+++ SOURCE MATERIAL

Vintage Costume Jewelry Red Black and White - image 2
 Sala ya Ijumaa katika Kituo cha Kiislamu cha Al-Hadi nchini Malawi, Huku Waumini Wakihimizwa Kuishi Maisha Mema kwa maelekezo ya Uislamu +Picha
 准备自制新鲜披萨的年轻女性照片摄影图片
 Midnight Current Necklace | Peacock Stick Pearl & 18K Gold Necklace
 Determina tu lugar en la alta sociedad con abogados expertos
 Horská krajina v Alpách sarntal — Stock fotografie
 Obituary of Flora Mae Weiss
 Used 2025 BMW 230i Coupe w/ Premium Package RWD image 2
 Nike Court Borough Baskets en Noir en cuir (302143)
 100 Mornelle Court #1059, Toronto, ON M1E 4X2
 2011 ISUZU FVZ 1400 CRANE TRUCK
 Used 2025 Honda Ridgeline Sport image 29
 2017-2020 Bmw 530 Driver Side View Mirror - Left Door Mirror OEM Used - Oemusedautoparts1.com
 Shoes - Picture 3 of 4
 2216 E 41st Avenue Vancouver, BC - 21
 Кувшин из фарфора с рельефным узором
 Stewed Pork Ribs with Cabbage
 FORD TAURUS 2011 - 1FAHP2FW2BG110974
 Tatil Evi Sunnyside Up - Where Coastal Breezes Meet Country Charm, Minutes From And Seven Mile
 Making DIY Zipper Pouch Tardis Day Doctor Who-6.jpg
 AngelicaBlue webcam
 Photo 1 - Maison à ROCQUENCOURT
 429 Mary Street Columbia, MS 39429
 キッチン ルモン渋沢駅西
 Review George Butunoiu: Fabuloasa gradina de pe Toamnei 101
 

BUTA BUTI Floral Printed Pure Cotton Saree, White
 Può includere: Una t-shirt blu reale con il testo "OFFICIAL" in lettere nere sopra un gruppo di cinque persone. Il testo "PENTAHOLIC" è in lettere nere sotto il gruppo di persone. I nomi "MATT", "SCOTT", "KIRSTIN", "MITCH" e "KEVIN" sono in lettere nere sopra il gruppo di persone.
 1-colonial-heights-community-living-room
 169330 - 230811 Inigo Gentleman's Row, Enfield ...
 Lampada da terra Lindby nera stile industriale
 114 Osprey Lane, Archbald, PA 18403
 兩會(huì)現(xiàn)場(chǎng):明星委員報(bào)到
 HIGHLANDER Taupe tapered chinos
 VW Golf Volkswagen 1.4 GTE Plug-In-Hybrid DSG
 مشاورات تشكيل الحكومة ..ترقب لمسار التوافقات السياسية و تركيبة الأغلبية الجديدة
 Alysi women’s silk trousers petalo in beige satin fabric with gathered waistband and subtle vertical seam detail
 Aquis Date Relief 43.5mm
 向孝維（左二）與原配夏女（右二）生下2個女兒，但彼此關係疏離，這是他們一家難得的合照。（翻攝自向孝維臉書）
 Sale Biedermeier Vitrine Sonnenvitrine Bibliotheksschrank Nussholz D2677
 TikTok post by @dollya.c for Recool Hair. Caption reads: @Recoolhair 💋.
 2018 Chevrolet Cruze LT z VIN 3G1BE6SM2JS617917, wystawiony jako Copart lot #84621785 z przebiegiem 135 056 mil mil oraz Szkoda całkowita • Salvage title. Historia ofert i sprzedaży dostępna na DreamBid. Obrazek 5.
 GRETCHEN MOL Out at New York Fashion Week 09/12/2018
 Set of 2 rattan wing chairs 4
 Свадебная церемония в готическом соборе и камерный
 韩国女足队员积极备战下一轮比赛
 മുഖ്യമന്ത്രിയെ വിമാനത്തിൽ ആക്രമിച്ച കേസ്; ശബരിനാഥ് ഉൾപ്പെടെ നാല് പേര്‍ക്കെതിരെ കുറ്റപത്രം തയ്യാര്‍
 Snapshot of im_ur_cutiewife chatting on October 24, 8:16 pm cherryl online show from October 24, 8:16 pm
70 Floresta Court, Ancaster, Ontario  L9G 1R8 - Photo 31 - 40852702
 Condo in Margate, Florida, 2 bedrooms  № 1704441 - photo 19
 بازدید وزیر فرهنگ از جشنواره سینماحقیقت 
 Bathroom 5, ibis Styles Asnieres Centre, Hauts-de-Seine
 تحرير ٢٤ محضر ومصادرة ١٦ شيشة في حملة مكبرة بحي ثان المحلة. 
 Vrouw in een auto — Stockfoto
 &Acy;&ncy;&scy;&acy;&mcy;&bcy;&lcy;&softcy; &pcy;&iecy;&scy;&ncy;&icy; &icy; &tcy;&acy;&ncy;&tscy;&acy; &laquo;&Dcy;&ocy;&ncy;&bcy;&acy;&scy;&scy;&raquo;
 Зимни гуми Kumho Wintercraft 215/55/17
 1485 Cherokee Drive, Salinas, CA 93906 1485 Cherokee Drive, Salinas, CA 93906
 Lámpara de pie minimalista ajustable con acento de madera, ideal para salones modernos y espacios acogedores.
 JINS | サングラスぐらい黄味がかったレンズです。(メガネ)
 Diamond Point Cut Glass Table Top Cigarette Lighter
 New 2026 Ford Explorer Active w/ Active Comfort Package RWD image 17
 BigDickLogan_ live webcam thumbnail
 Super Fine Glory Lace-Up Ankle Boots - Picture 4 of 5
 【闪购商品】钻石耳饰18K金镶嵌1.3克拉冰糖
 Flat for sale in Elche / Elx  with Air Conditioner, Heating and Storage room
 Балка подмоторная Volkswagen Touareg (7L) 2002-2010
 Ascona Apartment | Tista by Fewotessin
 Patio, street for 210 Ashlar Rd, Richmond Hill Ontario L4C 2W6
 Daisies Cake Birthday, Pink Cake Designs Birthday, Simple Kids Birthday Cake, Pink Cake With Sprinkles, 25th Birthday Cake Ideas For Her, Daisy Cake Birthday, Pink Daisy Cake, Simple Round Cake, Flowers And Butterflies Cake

++++++

# EXERCISE PROMPT:
From the entries above, give again exactly the lines running from the line with "تحرير ٢٤ محضر" to the line with "Flat for sale"; include both of those lines.

# RESULT BELOW:
 تحرير ٢٤ محضر ومصادرة ١٦ شيشة في حملة مكبرة بحي ثان المحلة. 
 Vrouw in een auto — Stockfoto
 &Acy;&ncy;&scy;&acy;&mcy;&bcy;&lcy;&softcy; &pcy;&iecy;&scy;&ncy;&icy; &icy; &tcy;&acy;&ncy;&tscy;&acy; &laquo;&Dcy;&ocy;&ncy;&bcy;&acy;&scy;&scy;&raquo;
 Зимни гуми Kumho Wintercraft 215/55/17
 1485 Cherokee Drive, Salinas, CA 93906 1485 Cherokee Drive, Salinas, CA 93906
 Lámpara de pie minimalista ajustable con acento de madera, ideal para salones modernos y espacios acogedores.
 JINS | サングラスぐらい黄味がかったレンズです。(メガネ)
 Diamond Point Cut Glass Table Top Cigarette Lighter
 New 2026 Ford Explorer Active w/ Active Comfort Package RWD image 17
 BigDickLogan_ live webcam thumbnail
 Super Fine Glory Lace-Up Ankle Boots - Picture 4 of 5
 【闪购商品】钻石耳饰18K金镶嵌1.3克拉冰糖
 Flat for sale in Elche / Elx  with Air Conditioner, Heating and Storage room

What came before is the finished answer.